The future of low-cost travel may involve airlines stacking Economy passengers one on top of the other. That’s the nightmarish vision of designer Alejandro Nunez Vicente, who just won a prestigious design award for the Chaise Lounge Economy Seat, his design for two-level stacked airline seats.
The seats, which have been built as a real-life prototype but have not yet been adopted by any airlines, feature two levels of seats stacked on top of each other. Passengers climb up a small step to reach the top level. On the bottom level, passengers must endure having another seat essentially right in front of their face.
The benefit? More seats crammed onto already-crowded planes, and thus potentially lower per-seat costs. The design allows even more density of passengers than is present in current Economy cabins. Airlines love the idea of adding more seats because every additional seat added to a plane increases the amount that an airline earns for each flight.

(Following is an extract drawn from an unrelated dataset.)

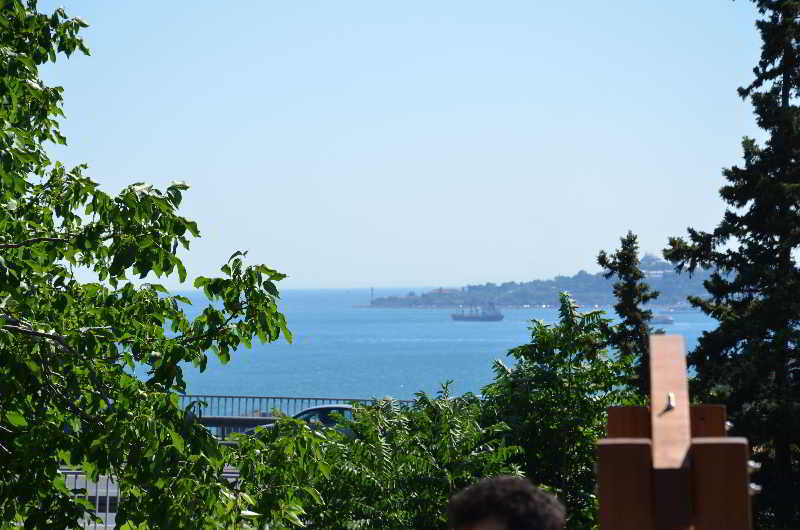 Istanbul Bosphorus Hotel Symbola Buitenkant foto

Nunez Vicente told the New York Post that the idea started out as a college project, but it’s fast turning into reality. He has exhibited a prototype of the design at prominent airline trade shows and reportedly found investors to help further develop it.
There are some issues. The design requires removing overhead bins, so passengers must squeeze their luggage into the space in front of their feet. The top row is also so close to the ceiling of the plane that passengers seated there can’t stand up fully.

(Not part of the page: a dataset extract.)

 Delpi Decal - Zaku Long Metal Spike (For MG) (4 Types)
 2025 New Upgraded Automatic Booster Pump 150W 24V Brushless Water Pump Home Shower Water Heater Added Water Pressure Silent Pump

Still, Nunez Vicente insists that he set out to improve the flying experience for Economy passengers, not to torture them. He’s on the side of passengers, not necessarily the airlines, he says. The two-level configuration reportedly allows for some enhanced creature comforts, including more leg room and even lie-flat seats in certain configurations.

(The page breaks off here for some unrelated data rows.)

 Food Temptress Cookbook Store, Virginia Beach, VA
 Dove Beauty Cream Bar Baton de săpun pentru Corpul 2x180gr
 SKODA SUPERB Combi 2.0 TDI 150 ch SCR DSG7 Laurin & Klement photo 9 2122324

The design is also intended to open up airline travel to more people, Nunez Vicente says. Currently, air travel is available only to a relatively wealthy slice of the world’s population, cutting others off from the opportunity to travel abroad or travel for work. Stacking passengers should lower fares, opening up flights to a broader range of people.
The trend mirrors several other trends that focus on eliminating personal space in order to reduce costs and make the world more equitable. The tiny house movement reflects many of the same tendencies, as do the launch of co-living and shared travel arrangements. Many cities now offer dwellings as small as 100 square feet with shared common areas or even larger dwellings subdivided into personal, stackable pods.
It also mirrors an ongoing trend in the airline industry towards cramming more and more people into the same aircraft. Airlines now routinely implement 10-abreast seating, squeezing ten people into a single row, to maximize revenue and keep ticket costs down.
Still, it’s unclear whether airlines will actually implement a stacked design or whether passengers would really tolerate it. Perhaps on extremely low-priced, short-haul flights (such as those between different European countries), such a configuration would make sense. But it’s hard to imagine passengers accepting a stacked seating arrangement on longer flights.
The seats would also need to clear safety testing, ensuring that they could still allow for the use of oxygen masks and life preservers and ensuring that passengers could still escape from them quickly in the event of an emergency.
What do you think? Would you fly in a double-decker airline seat if the price was right?